SENet: Squeeze-and-Excitation Networks

1. 动机

   • prior research has investigated the spatial component to achieve more powerful representations
   • we focus on the channel relationship instead
   • SE-block：adaptively recalibrates channel-wise feature responses by explicitly modelling interdependencies between channels
   • enhancing the representational power
   • in a computationally efficient manner

2. 论点

   • stronger network：
     • deeper
     • NiN-like bocks
   • cross-channel correlations in prior work
     • mapped as new combinations of features through 1x1 conv
     • concentrated on the objective of reducing model and computational complexity
   • In contrast, we found this mechanism
     • can ease the learning process
     • and significantly enhance the representational power of the network
   • Attention
     • Attention can be interpreted as a means of biasing the allocation of available computational resources towards the most informative components
       • Some works provide interesting studies into the combined use of spatial and channel attention

3. 方法

   • SE-block

     • The channel relationships modelled by convolution are inherently implicit and local

     • we would like to provide it with access to global information

     • squeeze：using global average pooling

     • excitation：nonlinear & non-mutually-exclusive using sigmoid

       • bottleneck：a dimensionality-reduction layer $W_1$ with reduction ratio $r$ and ReLU and a dimensionality-increasing layer $W_2$

       • $s = F_{ex}(z,W) = \sigma (W_2 \delta(W_1 z))$

         

     • integration

       • insert after the non-linearity following each convolution
       • inception：take the transformation $F_{tr}$ to be an entire Inception module

       • residual：take the transformation $F_{tr}$ to be the non-identity branch of a residual module

         

   • model and computational complexity

     • ResNet50 vs.
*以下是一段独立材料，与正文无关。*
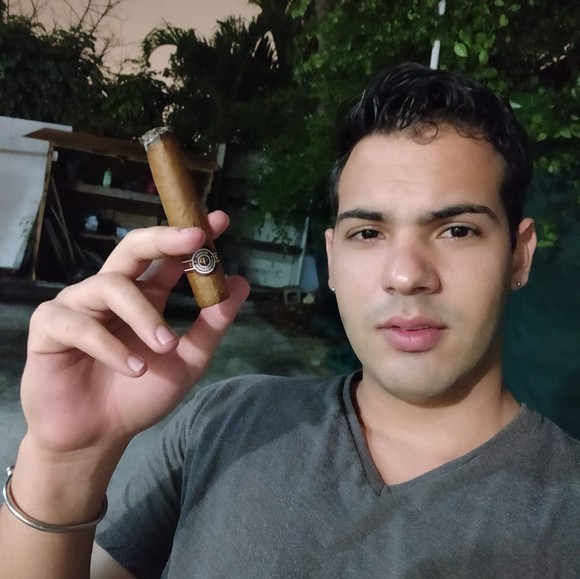 Meet your Posher, Randy - Picture 1 of 1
SE-ResNet50：0.26% relative increase GFLOPs approaching ResNet10’s accuracy
     • the additional parameters result solely from the two FC layers, among which the final stage FC claims the majority due to being performed across the greatest number of channels
     • the costly final stage of SE blocks could be removed at only a small cost in performance

   • ablations

     • FC
       • removing the biases of the FC layers in the excitation facilitates the modelling of channel dependencies
     • reduction ratio
       • performance is robust to a range of reduction ratios
       • In practice, using an identical ratio throughout a network may not be optimal due to the distinct roles performed by different layers
     • squeeze
       • global average pooling vs. global max pooling：average pooling slightly better
     • excitation
       • Sigmoid vs. ReLU vs. tanh：
         • tanh：slightly worse
         • ReLU：dramatically worse
     • stages
       • each stages brings benefits
       • combination make even better
     • integration strategy
       • fairly robust to their location, provided that they are applied prior to branch aggregation
       • inside the residual unit：fewer channels, fewer parameters, comparable accuracy
   • primitive understanding
     • squeeze
       • the use of global information has a significant influence on the model performance
     • excitation
       • the distribution across different classes is very similar at the earlier layers (general features)
       • the value of each channel becomes much more class-specific at greater depth
       • SE_5_2 exhibits an interesting tendency towards a saturated state in which most of the activations are close to one
       • SE_5_3 exhibits a similar pattern emerges over different classes, up to a modest change in scale
       • suggesting that SE_5_2 and SE_5_3 are less important than previous blocks in providing recalibration to the network (thus can be removed)

4. APPENDIX

   • 在ImageNet上SOTA的模型是SENet-154，top1-err是18.68，被标记在了efficientNet论文的折线图上
     • SE-ResNeXt-152（64x4d）
       • input=(224,224)：top1-err是18.68
       • input=320/299：top1-err是17.28
     • further difference
       • each bottleneck building block的第一个1x1 convs的通道数减半
       • stem的第一个7x7conv换成了3个连续的3x3 conv
       • 1x1的s2 conv换成了3x3的s2 conv
       • fc之前添加dropout layer
       • label smoothing
       • 最后几个training epoch将BN层的参数冻住，保证训练和测试的参数一致
       • 64 GPUs，batch size=2048（32 per GPU）
       • initial lr=1.0

SC-SE: Concurrent Spatial and Channel ‘Squeeze & Excitation’ in Fully Convolutional Networks

1. 动机

   • image segmentation task 上面SE-Net提出来主要是针对分类
   • three variants of SE modules
     • squeezing spatially and exciting channel-wise (cSE)
     • squeezing channel-wise and exciting spatially (sSE)
     • concurrent spatial and channel squeeze & excitation (scSE)
   • integrate within three different state-of-the- art F-CNNs (DenseNet, SD-Net, U-Net)

2. 论点

   • F-CNNs have become the tool of choice for many image segmentation tasks
   • core：convolutions that capturing local spatial pattern along all input channels jointly
   • SE block factors out the spatial dependency by global average pooling to learn a channel specific descriptor (later refered to as cSE /channel-SE)
   • while for image segmentation, we hypothesize that the pixel-wise spatial information is more informative
   • thus we propose sSE(spatial SE) and scSE(spatial and channel SE)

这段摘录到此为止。